State Bank of India (SBI) has transferred an ₹8,813 crore dividend to the Government of India for the financial year 2025-26. This substantial payout comes as SBI shares gained 1.95% to ₹1,001 in Tuesday's trade.

State Bank of India (SBI) has remitted a dividend payment of ₹8,813 crore to the Government of India for the financial year ending March 31, 2026. This significant financial update was publicly announced via an X post by the Ministry of Finance on June 8. The post specifically noted that Finance Minister Nirmala Sitharaman received the cheque from Shri C.S. Setty, Chairman of SBI.

As the primary stakeholder, the central government holds a substantial 55.52% interest in SBI, translating to approximately 507 crore equity shares. This substantial dividend follows an earlier declaration by the bank, which approved a dividend of ₹17.35 per equity share for FY26, with May 16 designated as the record date.

Following the news, SBI's shares demonstrated positive momentum in Tuesday's afternoon trading session, climbing 1.95% to reach ₹1,001 per share. This marked an increase from its previous closing price of ₹981.90 per share, extending a gaining streak for the second consecutive session.

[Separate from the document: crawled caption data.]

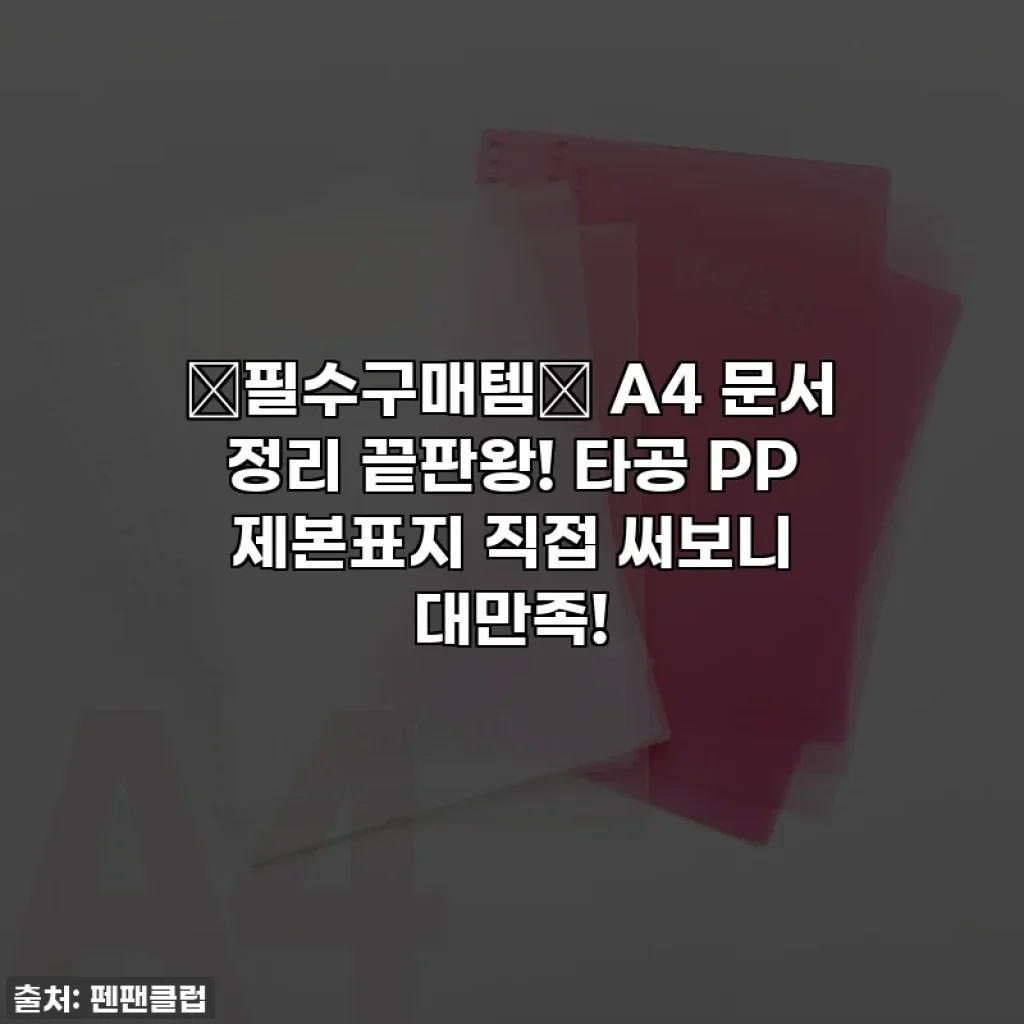 💖필수구매템💖 A4 문서 정리 끝판왕! 타공 PP 제본표지 직접 써보니 대만족!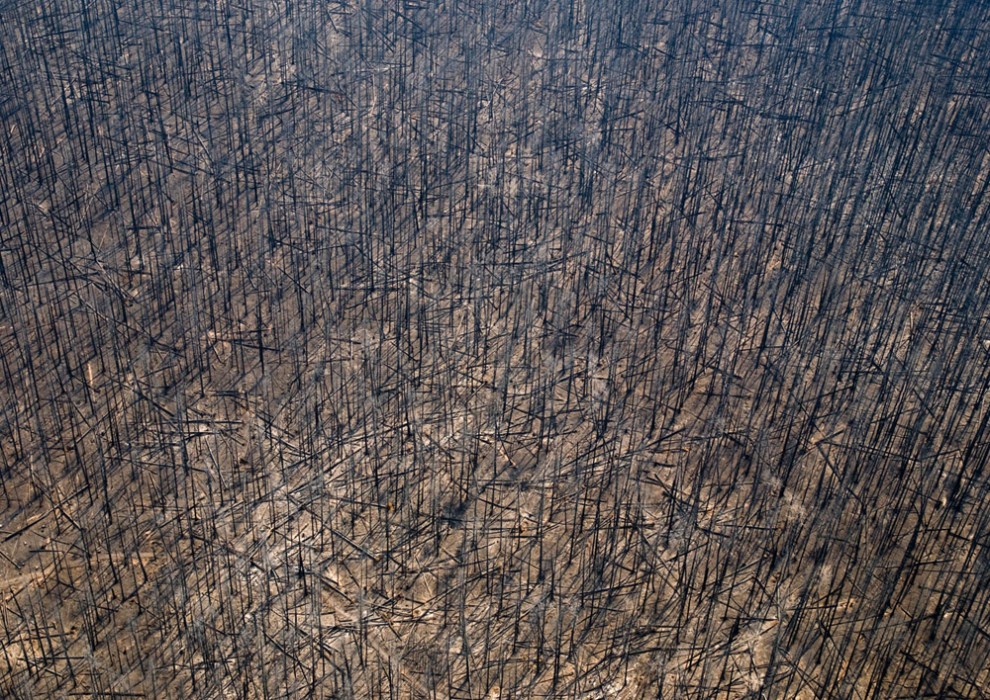 Фотография: Лесные пожары на западе США №29 - BigPicture.ru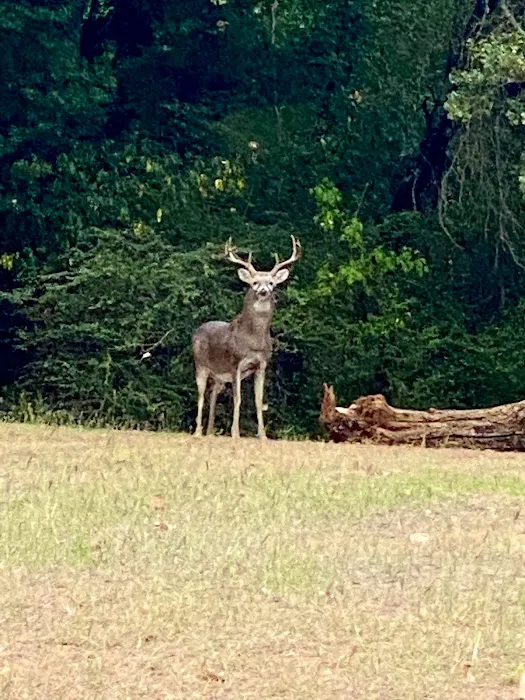 Camp David at Lake Grapevine - HIKIDS Nonprofit Campground 2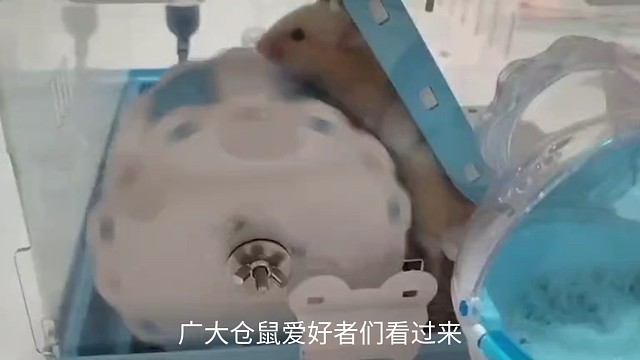 可爱的仓鼠宝宝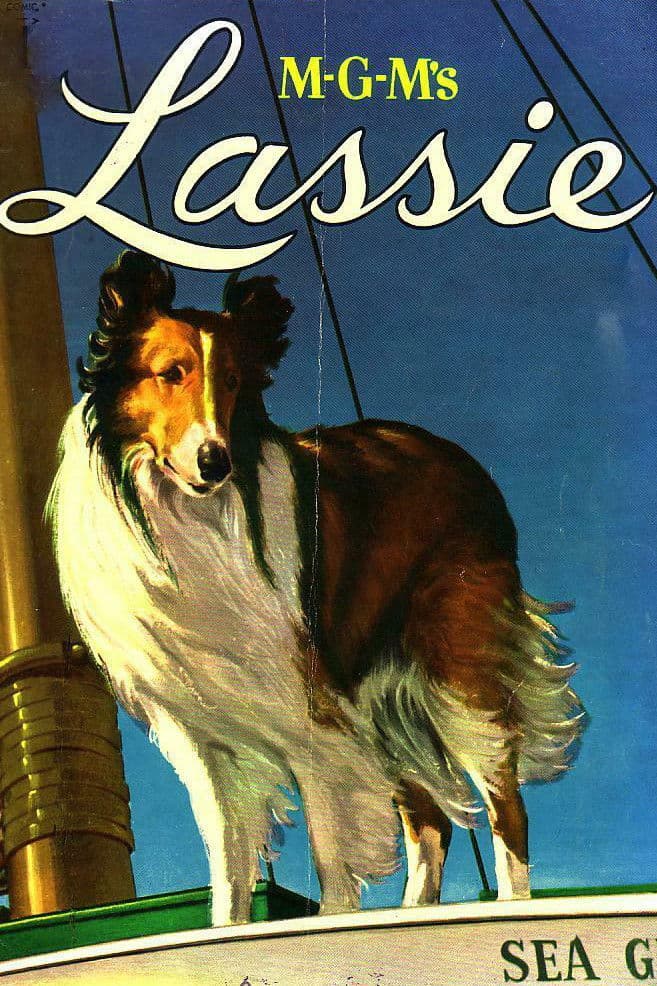Poster of MGM's Lassie Collection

SBI's Financial Performance and Outlook

A recent thematic research report from brokerage firm JM Financial provided insights into SBI's financial health. The report highlighted a resurgence in retail lending, with renewed disbursals observed in personal loans, education loans, and auto loans. Additionally, healthy growth continued in home loans and gold loans.

While the report noted an improvement in the overall Gross Non-Performing Assets (GNPA) across various segments, it also pointed out a slight uptick in GNPA within unsecured and auto loan portfolios. JM Financial's analysis of SBI's FY26 performance, based on its annual report and Basel III disclosures, indicated that GNPA declined across sub-segments, with the most pronounced reductions seen in the Corporate, Agriculture, and SME portfolios.

The brokerage firm emphasized that while home and gold loans remain crucial growth drivers in the retail sector, the increasing stress in unsecured and auto loan portfolios represents a key variable that warrants close monitoring by the bank.